#### What the task requires:
Each entry below is to be given again word for word, with no pictures.

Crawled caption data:
● ● ●
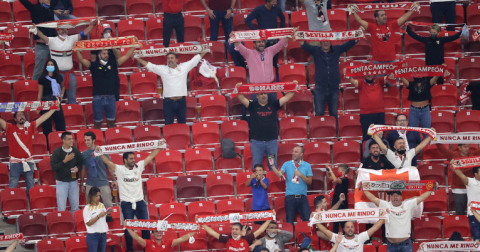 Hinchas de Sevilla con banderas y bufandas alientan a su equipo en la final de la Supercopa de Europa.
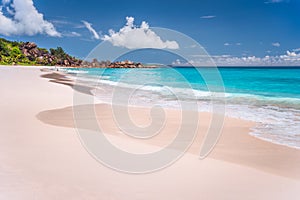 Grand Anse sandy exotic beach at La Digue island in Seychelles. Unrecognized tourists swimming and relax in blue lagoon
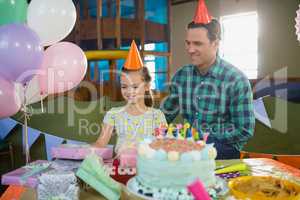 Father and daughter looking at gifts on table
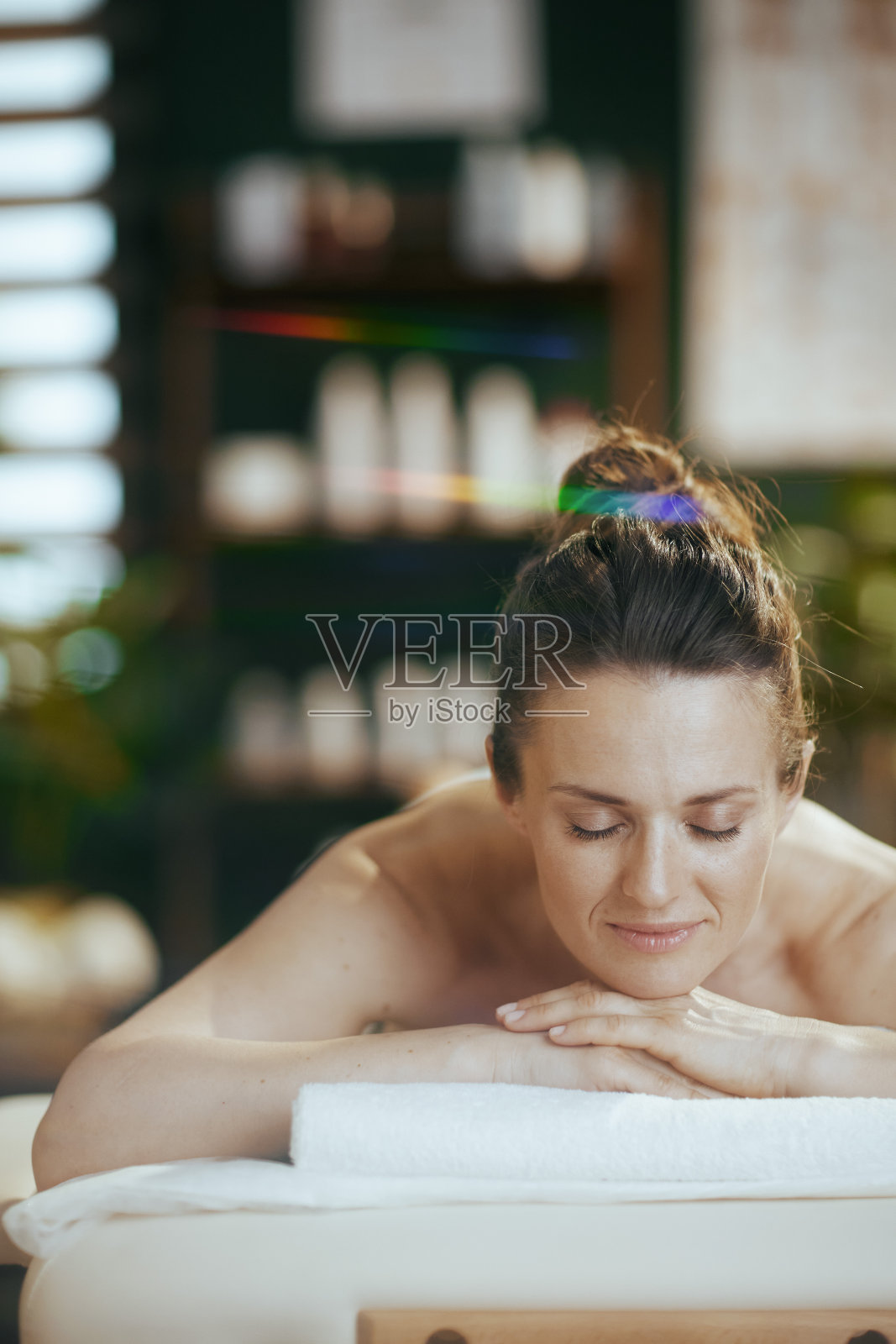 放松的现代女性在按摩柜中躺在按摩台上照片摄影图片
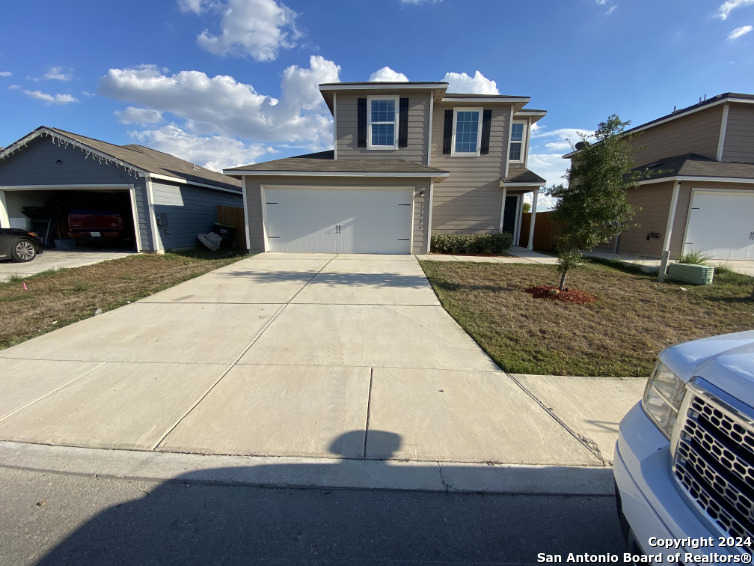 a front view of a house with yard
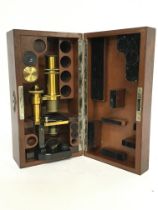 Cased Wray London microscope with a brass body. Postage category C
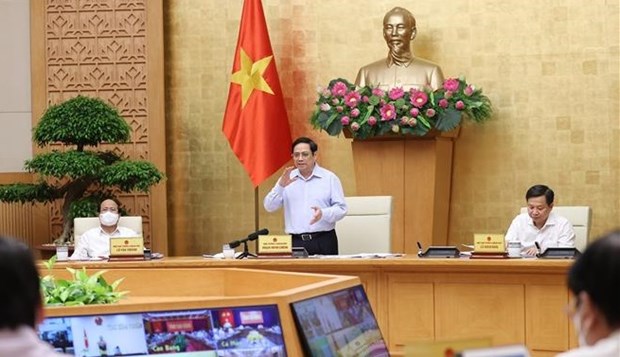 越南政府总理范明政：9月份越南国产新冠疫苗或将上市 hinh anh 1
● ● ●
#### Answer to the problem:
 Hinchas de Sevilla con banderas y bufandas alientan a su equipo en la final de la Supercopa de Europa.
 Grand Anse sandy exotic beach at La Digue island in Seychelles. Unrecognized tourists swimming and relax in blue lagoon
 Father and daughter looking at gifts on table
 放松的现代女性在按摩柜中躺在按摩台上照片摄影图片
 a front view of a house with yard
 Cased Wray London microscope with a brass body. Postage category C
 越南政府总理范明政：9月份越南国产新冠疫苗或将上市 hinh anh 1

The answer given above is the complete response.